## [Work item]
The expected output is exactly the lines below, starting at the line with "Косметичка deuter wash" and ending at the line with "Juventus Ordered to", both included; no other line belongs in it.

## [Supplied records]
=====
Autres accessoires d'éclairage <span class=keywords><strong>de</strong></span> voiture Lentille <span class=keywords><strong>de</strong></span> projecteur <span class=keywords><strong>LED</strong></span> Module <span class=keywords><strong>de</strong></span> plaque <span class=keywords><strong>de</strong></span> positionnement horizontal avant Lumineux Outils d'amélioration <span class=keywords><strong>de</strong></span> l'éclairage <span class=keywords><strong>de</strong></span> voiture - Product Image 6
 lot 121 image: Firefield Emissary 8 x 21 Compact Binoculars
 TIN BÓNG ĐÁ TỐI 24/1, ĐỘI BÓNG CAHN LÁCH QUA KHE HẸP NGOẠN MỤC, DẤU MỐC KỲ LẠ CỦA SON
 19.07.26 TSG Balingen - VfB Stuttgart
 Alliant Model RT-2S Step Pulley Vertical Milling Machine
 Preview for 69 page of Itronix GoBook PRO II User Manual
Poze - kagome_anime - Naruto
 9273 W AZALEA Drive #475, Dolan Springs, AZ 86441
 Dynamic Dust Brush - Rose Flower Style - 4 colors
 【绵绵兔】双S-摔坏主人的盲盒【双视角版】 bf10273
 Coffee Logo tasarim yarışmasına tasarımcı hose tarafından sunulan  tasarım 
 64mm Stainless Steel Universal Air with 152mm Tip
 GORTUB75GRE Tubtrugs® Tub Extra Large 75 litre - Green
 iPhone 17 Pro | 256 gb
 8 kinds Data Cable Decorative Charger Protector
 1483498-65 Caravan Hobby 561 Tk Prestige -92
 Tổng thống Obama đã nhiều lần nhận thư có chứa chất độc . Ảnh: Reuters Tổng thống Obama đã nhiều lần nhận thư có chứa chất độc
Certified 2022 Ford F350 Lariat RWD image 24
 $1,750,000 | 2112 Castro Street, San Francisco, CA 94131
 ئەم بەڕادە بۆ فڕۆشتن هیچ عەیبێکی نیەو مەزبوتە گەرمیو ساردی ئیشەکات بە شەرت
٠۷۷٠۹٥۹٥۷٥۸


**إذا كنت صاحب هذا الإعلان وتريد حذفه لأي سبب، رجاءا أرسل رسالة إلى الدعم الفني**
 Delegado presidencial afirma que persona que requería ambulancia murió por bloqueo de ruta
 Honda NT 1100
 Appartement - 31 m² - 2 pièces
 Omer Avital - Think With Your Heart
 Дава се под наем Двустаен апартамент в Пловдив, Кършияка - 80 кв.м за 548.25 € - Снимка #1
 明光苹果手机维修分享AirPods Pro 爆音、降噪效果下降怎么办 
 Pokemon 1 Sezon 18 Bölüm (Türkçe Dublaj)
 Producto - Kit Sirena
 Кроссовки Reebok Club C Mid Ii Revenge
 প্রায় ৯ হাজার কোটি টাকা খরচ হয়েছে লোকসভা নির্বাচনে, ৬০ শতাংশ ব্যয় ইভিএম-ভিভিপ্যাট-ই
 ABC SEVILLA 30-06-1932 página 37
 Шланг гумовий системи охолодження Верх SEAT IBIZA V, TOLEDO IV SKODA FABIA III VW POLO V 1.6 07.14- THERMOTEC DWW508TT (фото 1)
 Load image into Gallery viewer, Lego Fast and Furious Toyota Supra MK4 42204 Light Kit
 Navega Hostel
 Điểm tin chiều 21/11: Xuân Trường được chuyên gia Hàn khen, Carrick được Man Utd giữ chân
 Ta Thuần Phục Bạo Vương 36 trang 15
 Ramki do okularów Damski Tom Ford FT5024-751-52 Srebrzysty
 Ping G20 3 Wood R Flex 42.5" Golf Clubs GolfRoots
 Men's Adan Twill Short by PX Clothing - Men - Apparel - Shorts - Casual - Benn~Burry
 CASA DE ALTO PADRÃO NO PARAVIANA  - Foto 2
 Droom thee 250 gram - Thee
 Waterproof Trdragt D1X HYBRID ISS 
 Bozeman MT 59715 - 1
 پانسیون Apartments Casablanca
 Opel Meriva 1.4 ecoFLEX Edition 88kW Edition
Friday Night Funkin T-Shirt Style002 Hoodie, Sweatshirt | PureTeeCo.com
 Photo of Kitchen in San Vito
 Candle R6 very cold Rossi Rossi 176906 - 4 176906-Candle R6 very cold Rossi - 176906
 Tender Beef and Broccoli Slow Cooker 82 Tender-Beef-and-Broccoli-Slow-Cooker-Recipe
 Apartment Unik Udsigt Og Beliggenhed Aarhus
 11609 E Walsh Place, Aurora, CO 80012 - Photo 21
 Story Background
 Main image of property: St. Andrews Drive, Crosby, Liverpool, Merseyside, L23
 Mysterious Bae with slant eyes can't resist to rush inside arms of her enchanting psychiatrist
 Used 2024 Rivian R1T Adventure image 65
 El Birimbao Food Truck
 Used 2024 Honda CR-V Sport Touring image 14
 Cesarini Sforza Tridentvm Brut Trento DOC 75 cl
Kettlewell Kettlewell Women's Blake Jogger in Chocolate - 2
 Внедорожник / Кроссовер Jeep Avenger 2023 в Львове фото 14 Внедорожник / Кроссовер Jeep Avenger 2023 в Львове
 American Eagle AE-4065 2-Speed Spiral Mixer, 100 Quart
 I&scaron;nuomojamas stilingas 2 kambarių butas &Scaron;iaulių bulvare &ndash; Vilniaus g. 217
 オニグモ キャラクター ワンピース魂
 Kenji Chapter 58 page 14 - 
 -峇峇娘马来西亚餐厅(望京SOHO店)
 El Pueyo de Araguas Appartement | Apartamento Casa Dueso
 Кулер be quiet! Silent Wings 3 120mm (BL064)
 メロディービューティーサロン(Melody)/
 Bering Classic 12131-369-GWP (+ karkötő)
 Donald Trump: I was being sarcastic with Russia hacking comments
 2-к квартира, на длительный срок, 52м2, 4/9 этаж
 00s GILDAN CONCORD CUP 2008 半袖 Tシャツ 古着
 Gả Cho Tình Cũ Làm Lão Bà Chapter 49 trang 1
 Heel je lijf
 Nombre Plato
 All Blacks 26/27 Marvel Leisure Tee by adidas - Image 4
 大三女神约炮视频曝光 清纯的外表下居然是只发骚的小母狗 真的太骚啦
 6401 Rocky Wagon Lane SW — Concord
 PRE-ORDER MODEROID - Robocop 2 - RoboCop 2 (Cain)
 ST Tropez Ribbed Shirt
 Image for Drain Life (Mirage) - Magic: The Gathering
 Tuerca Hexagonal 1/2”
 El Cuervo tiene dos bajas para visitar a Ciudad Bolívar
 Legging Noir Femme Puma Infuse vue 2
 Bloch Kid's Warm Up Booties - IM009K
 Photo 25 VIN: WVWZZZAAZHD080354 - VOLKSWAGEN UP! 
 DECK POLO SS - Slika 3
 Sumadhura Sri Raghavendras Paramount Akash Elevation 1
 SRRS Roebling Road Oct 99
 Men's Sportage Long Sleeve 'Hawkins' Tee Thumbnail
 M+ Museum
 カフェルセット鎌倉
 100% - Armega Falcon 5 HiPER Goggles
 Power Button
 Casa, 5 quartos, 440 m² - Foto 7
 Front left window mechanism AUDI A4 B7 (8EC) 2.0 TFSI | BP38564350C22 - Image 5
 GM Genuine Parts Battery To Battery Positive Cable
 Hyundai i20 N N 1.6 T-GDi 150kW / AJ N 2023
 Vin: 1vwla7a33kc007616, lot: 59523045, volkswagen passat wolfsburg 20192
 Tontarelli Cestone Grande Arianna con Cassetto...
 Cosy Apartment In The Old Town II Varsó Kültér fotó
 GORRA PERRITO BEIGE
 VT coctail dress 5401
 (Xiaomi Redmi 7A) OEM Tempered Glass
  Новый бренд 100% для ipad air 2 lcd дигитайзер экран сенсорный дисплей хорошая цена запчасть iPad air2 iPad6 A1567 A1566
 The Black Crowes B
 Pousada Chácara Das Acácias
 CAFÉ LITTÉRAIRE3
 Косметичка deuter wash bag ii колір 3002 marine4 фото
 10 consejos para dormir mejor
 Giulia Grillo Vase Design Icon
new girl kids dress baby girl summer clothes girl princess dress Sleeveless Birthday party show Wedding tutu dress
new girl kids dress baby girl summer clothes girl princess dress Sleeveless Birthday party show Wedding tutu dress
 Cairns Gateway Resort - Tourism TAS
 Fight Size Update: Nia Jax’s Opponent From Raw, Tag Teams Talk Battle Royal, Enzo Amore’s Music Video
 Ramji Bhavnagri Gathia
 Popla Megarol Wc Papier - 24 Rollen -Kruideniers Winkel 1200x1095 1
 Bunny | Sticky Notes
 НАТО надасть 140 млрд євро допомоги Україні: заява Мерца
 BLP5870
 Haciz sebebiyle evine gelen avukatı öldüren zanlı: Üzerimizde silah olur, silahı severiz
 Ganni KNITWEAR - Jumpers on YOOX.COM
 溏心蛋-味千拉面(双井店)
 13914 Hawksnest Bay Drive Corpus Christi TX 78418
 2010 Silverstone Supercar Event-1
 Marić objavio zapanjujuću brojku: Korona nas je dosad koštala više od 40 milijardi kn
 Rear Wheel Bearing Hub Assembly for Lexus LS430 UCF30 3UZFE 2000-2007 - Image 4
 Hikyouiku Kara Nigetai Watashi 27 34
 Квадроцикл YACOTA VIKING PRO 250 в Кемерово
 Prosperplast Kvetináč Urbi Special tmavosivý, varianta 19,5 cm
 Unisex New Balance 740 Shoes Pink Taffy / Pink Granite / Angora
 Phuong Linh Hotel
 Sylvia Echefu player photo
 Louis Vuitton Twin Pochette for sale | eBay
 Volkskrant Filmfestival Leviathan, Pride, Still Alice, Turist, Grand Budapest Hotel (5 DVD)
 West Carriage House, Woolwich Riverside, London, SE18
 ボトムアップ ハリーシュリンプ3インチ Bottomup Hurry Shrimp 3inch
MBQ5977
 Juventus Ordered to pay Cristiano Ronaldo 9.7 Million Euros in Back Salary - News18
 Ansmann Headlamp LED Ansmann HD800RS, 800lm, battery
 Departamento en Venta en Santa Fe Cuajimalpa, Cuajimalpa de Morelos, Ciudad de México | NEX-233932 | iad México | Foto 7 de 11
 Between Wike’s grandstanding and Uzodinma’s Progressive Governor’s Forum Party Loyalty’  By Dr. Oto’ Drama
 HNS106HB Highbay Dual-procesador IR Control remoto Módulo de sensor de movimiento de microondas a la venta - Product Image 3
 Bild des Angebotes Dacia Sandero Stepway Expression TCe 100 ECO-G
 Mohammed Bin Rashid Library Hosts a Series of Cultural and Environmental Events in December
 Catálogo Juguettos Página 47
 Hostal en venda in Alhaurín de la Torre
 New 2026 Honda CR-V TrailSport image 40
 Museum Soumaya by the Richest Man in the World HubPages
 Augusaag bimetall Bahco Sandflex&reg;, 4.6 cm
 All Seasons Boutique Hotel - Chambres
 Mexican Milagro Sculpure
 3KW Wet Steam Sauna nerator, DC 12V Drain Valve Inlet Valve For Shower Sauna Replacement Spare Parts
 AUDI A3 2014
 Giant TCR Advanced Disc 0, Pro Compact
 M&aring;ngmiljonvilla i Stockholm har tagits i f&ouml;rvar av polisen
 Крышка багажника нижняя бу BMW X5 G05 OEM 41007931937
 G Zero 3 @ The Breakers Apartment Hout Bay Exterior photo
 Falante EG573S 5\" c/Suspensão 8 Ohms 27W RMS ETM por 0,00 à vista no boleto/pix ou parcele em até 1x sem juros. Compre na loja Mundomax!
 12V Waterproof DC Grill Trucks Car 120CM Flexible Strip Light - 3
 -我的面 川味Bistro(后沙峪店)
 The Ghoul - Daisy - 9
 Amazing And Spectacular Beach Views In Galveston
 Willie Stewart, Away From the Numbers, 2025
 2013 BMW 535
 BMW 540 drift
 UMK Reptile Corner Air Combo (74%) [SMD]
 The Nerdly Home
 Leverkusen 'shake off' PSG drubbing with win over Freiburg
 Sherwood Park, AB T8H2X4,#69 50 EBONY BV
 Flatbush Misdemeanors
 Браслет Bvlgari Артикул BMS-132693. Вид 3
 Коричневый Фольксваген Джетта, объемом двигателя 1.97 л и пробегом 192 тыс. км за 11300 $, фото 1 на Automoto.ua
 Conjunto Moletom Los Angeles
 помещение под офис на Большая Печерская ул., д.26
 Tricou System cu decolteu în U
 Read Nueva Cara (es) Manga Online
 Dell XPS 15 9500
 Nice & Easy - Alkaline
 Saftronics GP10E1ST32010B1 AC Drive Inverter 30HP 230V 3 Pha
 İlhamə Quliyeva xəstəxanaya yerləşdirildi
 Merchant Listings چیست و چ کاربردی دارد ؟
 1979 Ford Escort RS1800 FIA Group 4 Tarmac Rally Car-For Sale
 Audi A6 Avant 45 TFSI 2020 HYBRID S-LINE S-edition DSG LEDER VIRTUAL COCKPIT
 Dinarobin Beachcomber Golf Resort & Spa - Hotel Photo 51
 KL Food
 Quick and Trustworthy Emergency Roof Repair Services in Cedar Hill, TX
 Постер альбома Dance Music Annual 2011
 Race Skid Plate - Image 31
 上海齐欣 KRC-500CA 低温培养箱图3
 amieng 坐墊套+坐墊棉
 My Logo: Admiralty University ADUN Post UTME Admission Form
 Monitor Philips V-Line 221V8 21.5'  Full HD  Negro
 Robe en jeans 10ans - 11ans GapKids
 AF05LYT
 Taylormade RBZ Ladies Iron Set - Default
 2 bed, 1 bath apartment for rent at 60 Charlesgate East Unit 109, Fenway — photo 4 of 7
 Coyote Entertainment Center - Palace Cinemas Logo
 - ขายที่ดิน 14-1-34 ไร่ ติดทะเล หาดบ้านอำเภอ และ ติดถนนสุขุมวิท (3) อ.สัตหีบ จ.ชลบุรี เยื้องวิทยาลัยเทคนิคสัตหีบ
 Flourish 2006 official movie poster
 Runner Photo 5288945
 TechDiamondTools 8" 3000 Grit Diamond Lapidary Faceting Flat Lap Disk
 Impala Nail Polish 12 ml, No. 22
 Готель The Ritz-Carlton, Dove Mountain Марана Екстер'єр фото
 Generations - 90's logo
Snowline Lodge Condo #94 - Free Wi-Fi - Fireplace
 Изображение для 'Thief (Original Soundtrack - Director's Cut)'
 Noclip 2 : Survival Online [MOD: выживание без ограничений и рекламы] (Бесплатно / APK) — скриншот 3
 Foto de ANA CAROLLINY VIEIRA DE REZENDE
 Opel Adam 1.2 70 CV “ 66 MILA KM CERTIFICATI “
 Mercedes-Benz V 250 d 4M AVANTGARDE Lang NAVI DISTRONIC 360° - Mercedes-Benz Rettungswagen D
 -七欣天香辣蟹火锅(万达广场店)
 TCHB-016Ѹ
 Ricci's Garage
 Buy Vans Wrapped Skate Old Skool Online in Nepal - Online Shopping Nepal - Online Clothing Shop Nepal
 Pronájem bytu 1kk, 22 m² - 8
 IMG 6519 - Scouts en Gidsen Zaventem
=====
## [Written response]
 Косметичка deuter wash bag ii колір 3002 marine4 фото
 10 consejos para dormir mejor
 Giulia Grillo Vase Design Icon
new girl kids dress baby girl summer clothes girl princess dress Sleeveless Birthday party show Wedding tutu dress
new girl kids dress baby girl summer clothes girl princess dress Sleeveless Birthday party show Wedding tutu dress
 Cairns Gateway Resort - Tourism TAS
 Fight Size Update: Nia Jax’s Opponent From Raw, Tag Teams Talk Battle Royal, Enzo Amore’s Music Video
 Ramji Bhavnagri Gathia
 Popla Megarol Wc Papier - 24 Rollen -Kruideniers Winkel 1200x1095 1
 Bunny | Sticky Notes
 НАТО надасть 140 млрд євро допомоги Україні: заява Мерца
 BLP5870
 Haciz sebebiyle evine gelen avukatı öldüren zanlı: Üzerimizde silah olur, silahı severiz
 Ganni KNITWEAR - Jumpers on YOOX.COM
 溏心蛋-味千拉面(双井店)
 13914 Hawksnest Bay Drive Corpus Christi TX 78418
 2010 Silverstone Supercar Event-1
 Marić objavio zapanjujuću brojku: Korona nas je dosad koštala više od 40 milijardi kn
 Rear Wheel Bearing Hub Assembly for Lexus LS430 UCF30 3UZFE 2000-2007 - Image 4
 Hikyouiku Kara Nigetai Watashi 27 34
 Квадроцикл YACOTA VIKING PRO 250 в Кемерово
 Prosperplast Kvetináč Urbi Special tmavosivý, varianta 19,5 cm
 Unisex New Balance 740 Shoes Pink Taffy / Pink Granite / Angora
 Phuong Linh Hotel
 Sylvia Echefu player photo
 Louis Vuitton Twin Pochette for sale | eBay
 Volkskrant Filmfestival Leviathan, Pride, Still Alice, Turist, Grand Budapest Hotel (5 DVD)
 West Carriage House, Woolwich Riverside, London, SE18
 ボトムアップ ハリーシュリンプ3インチ Bottomup Hurry Shrimp 3inch
MBQ5977
 Juventus Ordered to pay Cristiano Ronaldo 9.7 Million Euros in Back Salary - News18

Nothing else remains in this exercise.